Vienne, fin d’été 1966. Robert Simon vit sa dernière journée de petits boulots sur les marchés. Demain, il va reprendre un vieux troquet défraîchi, lui donner un coup de neuf et commencer sa nouvelle vie… Voilà Robert Seethaler, écrivain à succès de la littérature de langue allemande, de retour à Vienne, comme dans son premier roman traduit en français, Le Tabac Tresniek (éd. Sabine Wespieser, 2014, et Folio, 2016).

S’il vit aujourd’hui à Berlin, il est né dans la capitale autrichienne l’année même où commence son dernier opus. Il nous fait plonger ici dans le microquartier du Marché-des-Carmélites, non loin de la grande roue du Prater. Dans ce café qui deviendra vite un foyer chaleureux (même s’il n’a pas de nom), gravitent quantité de personnages attachants, de la serveuse Mila au boucher Johannes Berg, et tous les autres, saisis au vif de leur histoire singulière.

Les romances, les bagarres…
À l’arrière-plan de ces vies minuscules, s’esquisse le décor d’une époque, les années 1960, déjà loin mais tout de même si proches des années de guerre. L’ordre économique a commencé sa mutation, les nouvelles constructions, de béton et de verre, dessinent la nouvelle physionomie urbaine ; de nouveaux habitants s’installent dans le quartier, venus de Yougoslavie ou de Turquie ; imperceptiblement, la vie change.
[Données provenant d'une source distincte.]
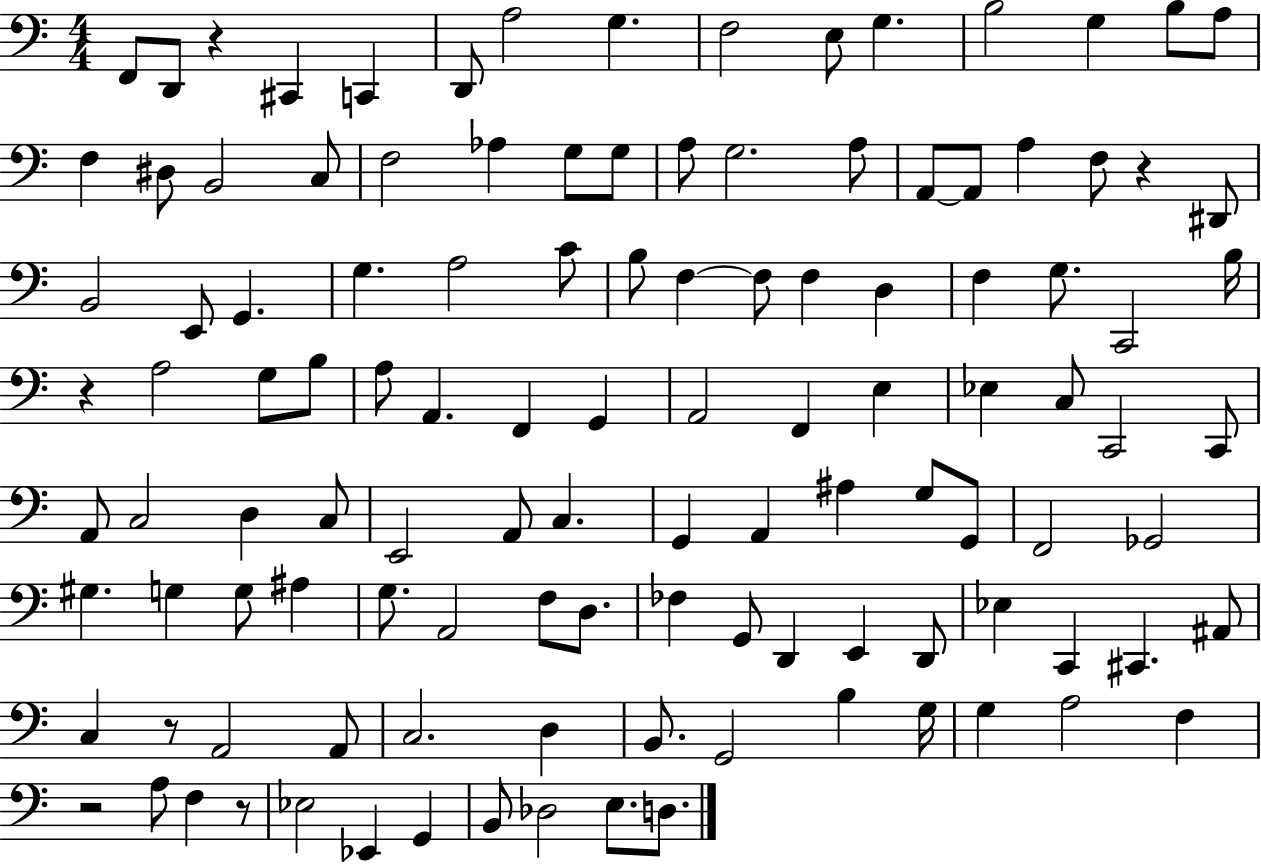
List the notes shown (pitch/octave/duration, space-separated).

F2/e D2/e R/q C#2/q C2/q D2/e A3/h G3/q. F3/h E3/e G3/q. B3/h G3/q B3/e A3/e F3/q D#3/e B2/h C3/e F3/h Ab3/q G3/e G3/e A3/e G3/h. A3/e A2/e A2/e A3/q F3/e R/q D#2/e B2/h E2/e G2/q. G3/q. A3/h C4/e B3/e F3/q F3/e F3/q D3/q F3/q G3/e. C2/h B3/s R/q A3/h G3/e B3/e A3/e A2/q. F2/q G2/q A2/h F2/q E3/q Eb3/q C3/e C2/h C2/e A2/e C3/h D3/q C3/e E2/h A2/e C3/q. G2/q A2/q A#3/q G3/e G2/e F2/h Gb2/h G#3/q. G3/q G3/e A#3/q G3/e. A2/h F3/e D3/e. FES3/q G2/e D2/q E2/q D2/e Eb3/q C2/q C#2/q. A#2/e C3/q R/e A2/h A2/e C3/h. D3/q B2/e. G2/h B3/q G3/s G3/q A3/h F3/q R/h A3/e F3/q R/e Eb3/h Eb2/q G2/q B2/e Db3/h E3/e. D3/e.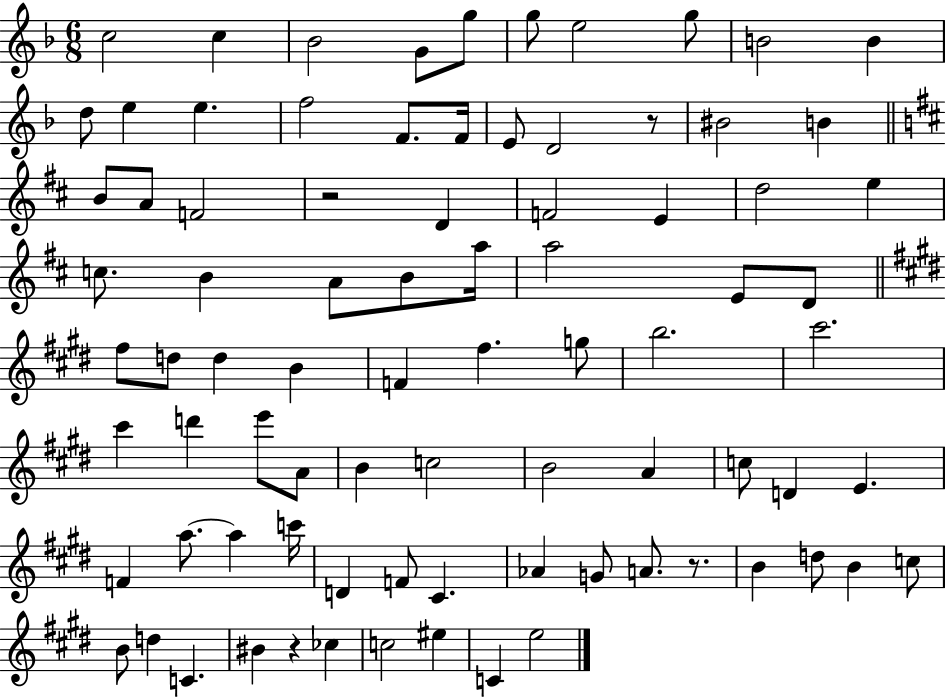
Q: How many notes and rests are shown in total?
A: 83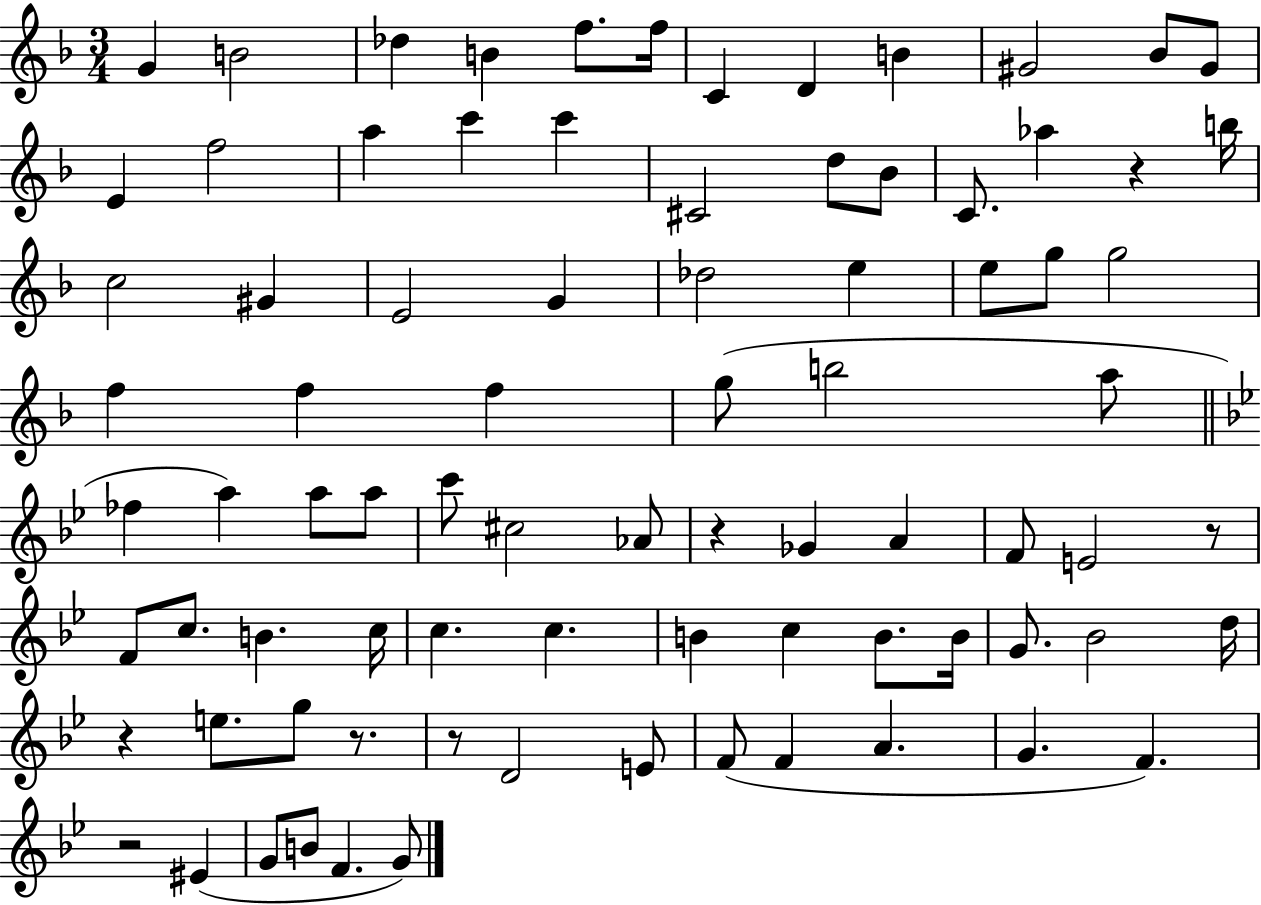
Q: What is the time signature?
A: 3/4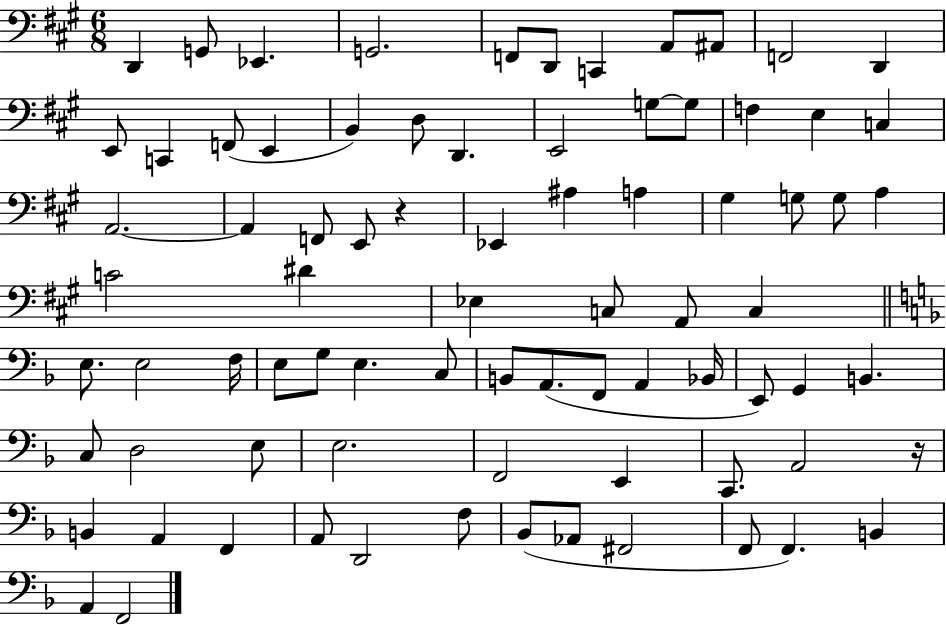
{
  \clef bass
  \numericTimeSignature
  \time 6/8
  \key a \major
  \repeat volta 2 { d,4 g,8 ees,4. | g,2. | f,8 d,8 c,4 a,8 ais,8 | f,2 d,4 | \break e,8 c,4 f,8( e,4 | b,4) d8 d,4. | e,2 g8~~ g8 | f4 e4 c4 | \break a,2.~~ | a,4 f,8 e,8 r4 | ees,4 ais4 a4 | gis4 g8 g8 a4 | \break c'2 dis'4 | ees4 c8 a,8 c4 | \bar "||" \break \key d \minor e8. e2 f16 | e8 g8 e4. c8 | b,8 a,8.( f,8 a,4 bes,16 | e,8) g,4 b,4. | \break c8 d2 e8 | e2. | f,2 e,4 | c,8. a,2 r16 | \break b,4 a,4 f,4 | a,8 d,2 f8 | bes,8( aes,8 fis,2 | f,8 f,4.) b,4 | \break a,4 f,2 | } \bar "|."
}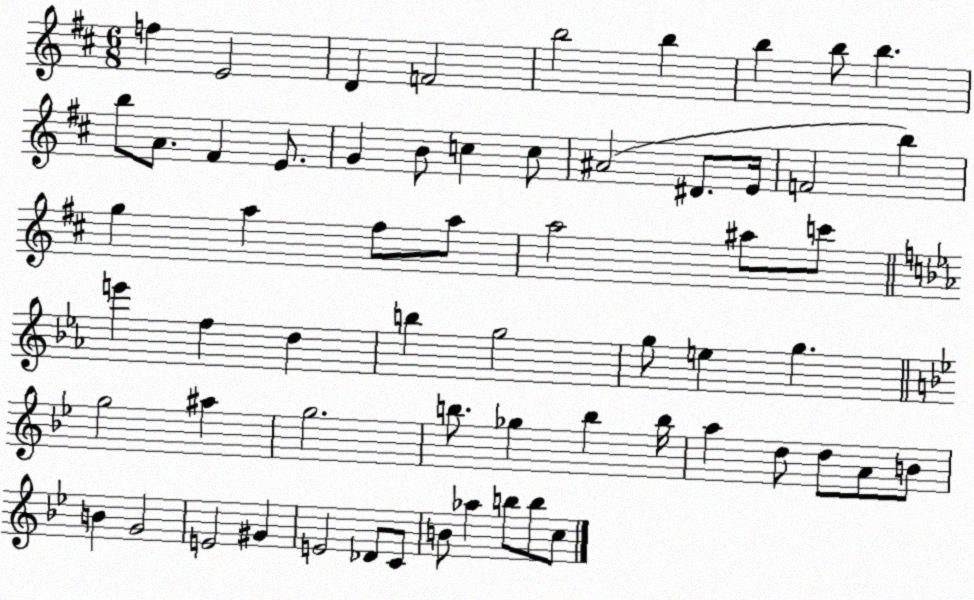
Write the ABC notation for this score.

X:1
T:Untitled
M:6/8
L:1/4
K:D
f E2 D F2 b2 b b b/2 b b/2 A/2 ^F E/2 G B/2 c c/2 ^A2 ^D/2 E/4 F2 b g a ^f/2 a/2 a2 ^a/2 c'/2 e' f d b g2 g/2 e g g2 ^a g2 b/2 _g b b/4 a d/2 d/2 A/2 B/2 B G2 E2 ^G E2 _D/2 C/2 B/2 _a b/2 b/2 c/2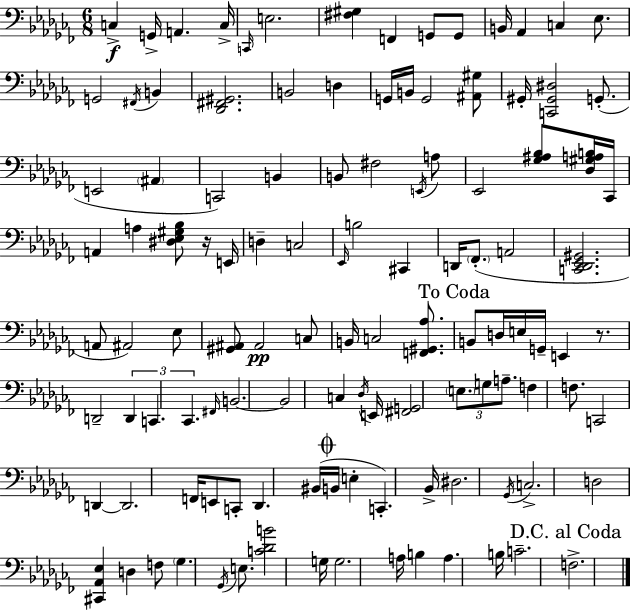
{
  \clef bass
  \numericTimeSignature
  \time 6/8
  \key aes \minor
  \repeat volta 2 { c4->\f g,16-> a,4. c16-> | \grace { c,16 } e2. | <fis gis>4 f,4 g,8 g,8 | b,16 aes,4 c4 ees8. | \break g,2 \acciaccatura { fis,16 } b,4 | <des, fis, gis,>2. | b,2 d4 | g,16 b,16 g,2 | \break <ais, gis>8 gis,16-. <c, gis, dis>2 g,8.-.( | e,2 \parenthesize ais,4 | c,2) b,4 | b,8 fis2 | \break \acciaccatura { e,16 } a8 ees,2 <ges ais bes>8 | <des gis a b>16 ces,16 a,4 a4 <dis ees gis bes>8 | r16 e,16 d4-- c2 | \grace { ees,16 } b2 | \break cis,4 d,16 \parenthesize fes,8.-.( a,2 | <c, des, ees, gis,>2. | a,8 ais,2) | ees8 <gis, ais,>8 ais,2\pp | \break c8 b,16 c2 | <f, gis, aes>8. \mark "To Coda" b,8 d16 e16 g,16-- e,4 | r8. d,2-- | \tuplet 3/2 { d,4 c,4. ces,4. } | \break \grace { fis,16 } b,2.~~ | b,2 | c4 \acciaccatura { des16 } e,16 <fis, g,>2 | \tuplet 3/2 { \parenthesize e8. g8 a8.-- } f4 | \break f8. c,2 | d,4~~ d,2. | f,16 e,8 c,8-. des,4. | bis,16( \mark \markup { \musicglyph "scripts.coda" } b,16 e4-. c,4.-.) | \break bes,16-> dis2. | \acciaccatura { ges,16 } c2.-> | d2 | <cis, aes, ees>4 d4 f8 | \break \parenthesize ges4. \acciaccatura { ges,16 } e8. <c' des' b'>2 | g16 g2. | a16 b4 | a4. b16 c'2.-- | \break \mark "D.C. al Coda" f2.-> | } \bar "|."
}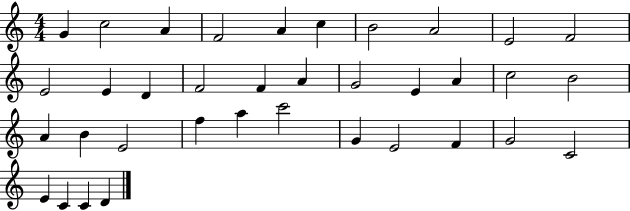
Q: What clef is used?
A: treble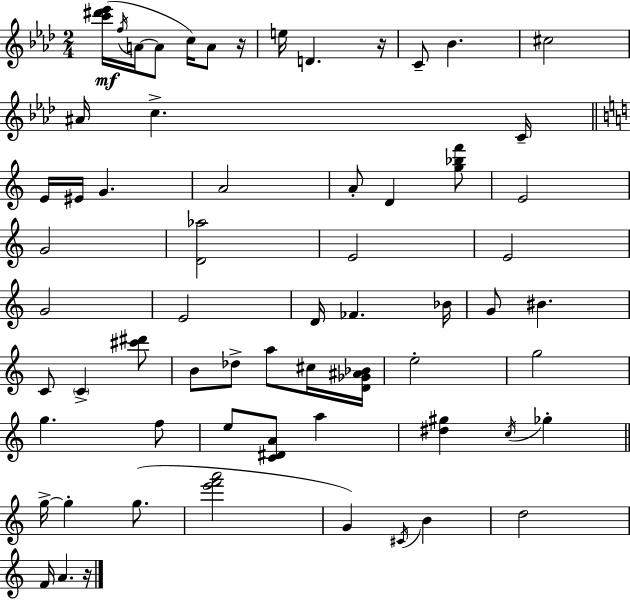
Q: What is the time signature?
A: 2/4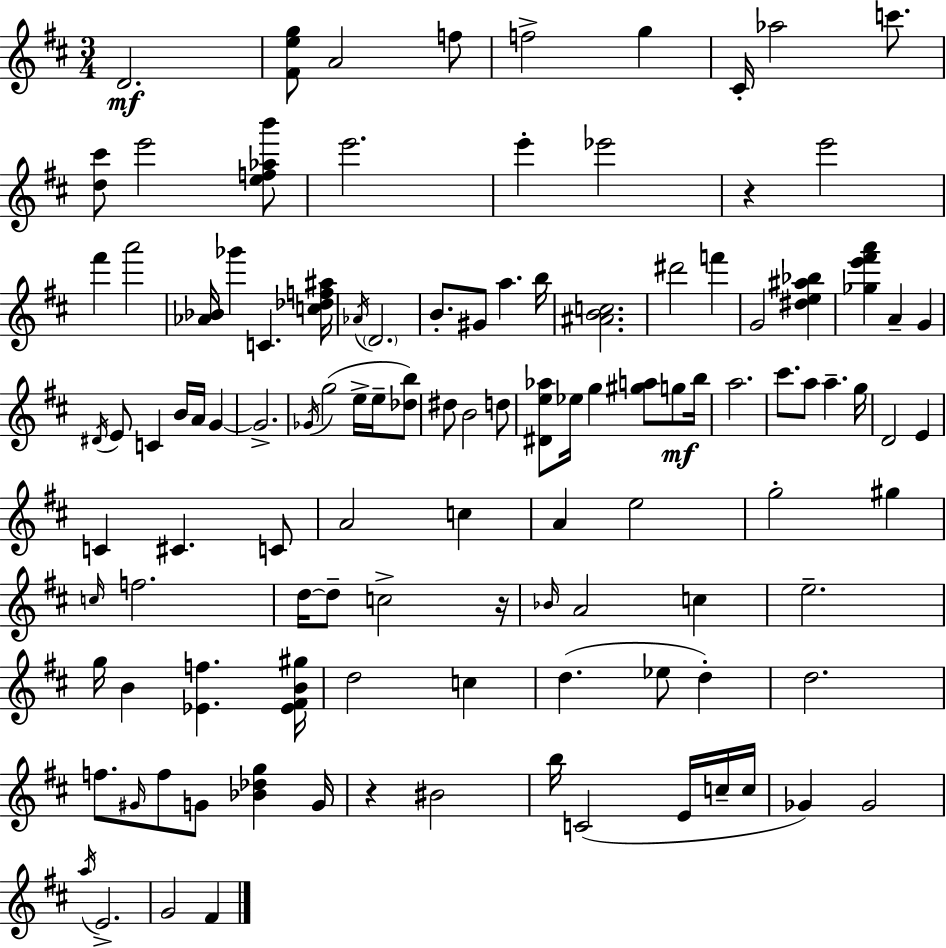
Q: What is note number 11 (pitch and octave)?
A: E6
Il n’y a pourtant, chez Robert Seethaler, ni aigreur ni glorification virulente d’un passé révolu. Tout le talent de l’auteur tient dans un puissant sens de la description. Dans les mots de Seethaler, on ressent le froid de l’hiver, on vit les romances comme les bagarres, on entend le couteau du boucher s’enfoncer dans la viande qu’il découpe, on sent le sol se dérober sous les pieds de l’ivrogne. La réalité humaine des personnages est si profondément sondée ; l’histoire en marche, elle, n’est qu’évoquée, suggérée. Si nostalgie il y a, il s’agit d’une nostalgie douce. Comme les « si jolis reflets au soleil » dans un ballon de rouge.